● Prompt
The response must be made up of the lines in the entries below that contain "Foto".

[Stored entries]
------------------------------
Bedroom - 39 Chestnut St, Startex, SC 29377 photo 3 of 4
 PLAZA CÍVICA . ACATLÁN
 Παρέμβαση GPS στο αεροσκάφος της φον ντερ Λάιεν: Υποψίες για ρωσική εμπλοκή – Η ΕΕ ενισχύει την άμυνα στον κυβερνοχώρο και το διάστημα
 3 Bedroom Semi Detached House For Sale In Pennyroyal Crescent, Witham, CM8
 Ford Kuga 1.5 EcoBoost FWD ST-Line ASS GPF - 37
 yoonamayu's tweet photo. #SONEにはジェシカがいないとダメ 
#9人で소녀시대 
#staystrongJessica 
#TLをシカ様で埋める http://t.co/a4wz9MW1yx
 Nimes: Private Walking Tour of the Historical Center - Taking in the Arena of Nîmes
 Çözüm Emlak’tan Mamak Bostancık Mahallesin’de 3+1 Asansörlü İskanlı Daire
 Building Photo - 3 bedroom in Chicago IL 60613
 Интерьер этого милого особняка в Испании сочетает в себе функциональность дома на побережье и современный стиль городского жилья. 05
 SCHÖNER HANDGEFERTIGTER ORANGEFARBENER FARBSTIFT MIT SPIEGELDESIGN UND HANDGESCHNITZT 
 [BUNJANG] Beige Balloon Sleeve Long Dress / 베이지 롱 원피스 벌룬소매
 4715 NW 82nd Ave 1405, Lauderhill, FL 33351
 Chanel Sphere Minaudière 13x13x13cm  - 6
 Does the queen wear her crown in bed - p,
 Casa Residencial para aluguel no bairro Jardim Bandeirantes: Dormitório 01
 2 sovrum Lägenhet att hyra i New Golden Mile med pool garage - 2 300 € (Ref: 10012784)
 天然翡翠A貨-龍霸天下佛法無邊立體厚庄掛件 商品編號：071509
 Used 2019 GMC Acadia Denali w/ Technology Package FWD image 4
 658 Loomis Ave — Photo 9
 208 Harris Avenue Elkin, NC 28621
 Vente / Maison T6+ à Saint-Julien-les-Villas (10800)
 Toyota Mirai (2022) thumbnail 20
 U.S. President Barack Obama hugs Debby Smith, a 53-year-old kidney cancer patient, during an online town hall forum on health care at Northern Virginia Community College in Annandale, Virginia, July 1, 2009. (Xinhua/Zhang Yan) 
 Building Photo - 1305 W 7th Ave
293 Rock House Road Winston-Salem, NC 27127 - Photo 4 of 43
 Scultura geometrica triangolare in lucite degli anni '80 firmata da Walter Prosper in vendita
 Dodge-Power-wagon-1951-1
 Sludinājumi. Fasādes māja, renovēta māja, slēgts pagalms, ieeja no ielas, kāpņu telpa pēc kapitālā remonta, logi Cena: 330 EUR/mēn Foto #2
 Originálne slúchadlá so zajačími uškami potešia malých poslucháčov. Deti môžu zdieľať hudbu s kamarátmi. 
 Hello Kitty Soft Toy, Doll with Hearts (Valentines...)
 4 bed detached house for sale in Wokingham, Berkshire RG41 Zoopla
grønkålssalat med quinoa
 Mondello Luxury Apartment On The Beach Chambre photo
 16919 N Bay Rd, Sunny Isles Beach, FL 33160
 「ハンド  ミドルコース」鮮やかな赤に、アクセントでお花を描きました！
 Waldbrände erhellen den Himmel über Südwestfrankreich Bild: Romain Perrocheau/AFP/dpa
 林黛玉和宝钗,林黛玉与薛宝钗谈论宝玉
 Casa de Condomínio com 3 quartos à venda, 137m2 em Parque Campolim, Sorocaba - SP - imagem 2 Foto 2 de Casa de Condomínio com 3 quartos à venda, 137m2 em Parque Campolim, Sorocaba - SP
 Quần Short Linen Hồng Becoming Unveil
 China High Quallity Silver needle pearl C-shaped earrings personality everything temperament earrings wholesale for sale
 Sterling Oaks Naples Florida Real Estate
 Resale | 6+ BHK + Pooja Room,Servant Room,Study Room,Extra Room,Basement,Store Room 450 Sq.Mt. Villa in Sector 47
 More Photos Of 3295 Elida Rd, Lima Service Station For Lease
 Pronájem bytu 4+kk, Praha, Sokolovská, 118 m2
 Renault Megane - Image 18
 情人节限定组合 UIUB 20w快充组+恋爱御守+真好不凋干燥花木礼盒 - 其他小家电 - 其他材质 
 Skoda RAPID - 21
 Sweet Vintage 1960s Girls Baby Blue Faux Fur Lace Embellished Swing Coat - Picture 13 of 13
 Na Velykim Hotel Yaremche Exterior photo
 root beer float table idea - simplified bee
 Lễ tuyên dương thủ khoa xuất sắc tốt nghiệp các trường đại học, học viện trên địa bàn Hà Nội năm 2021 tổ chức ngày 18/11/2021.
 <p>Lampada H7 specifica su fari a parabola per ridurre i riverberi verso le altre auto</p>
------------------------------
● Exercise answer
 Sludinājumi. Fasādes māja, renovēta māja, slēgts pagalms, ieeja no ielas, kāpņu telpa pēc kapitālā remonta, logi Cena: 330 EUR/mēn Foto #2
 Casa de Condomínio com 3 quartos à venda, 137m2 em Parque Campolim, Sorocaba - SP - imagem 2 Foto 2 de Casa de Condomínio com 3 quartos à venda, 137m2 em Parque Campolim, Sorocaba - SP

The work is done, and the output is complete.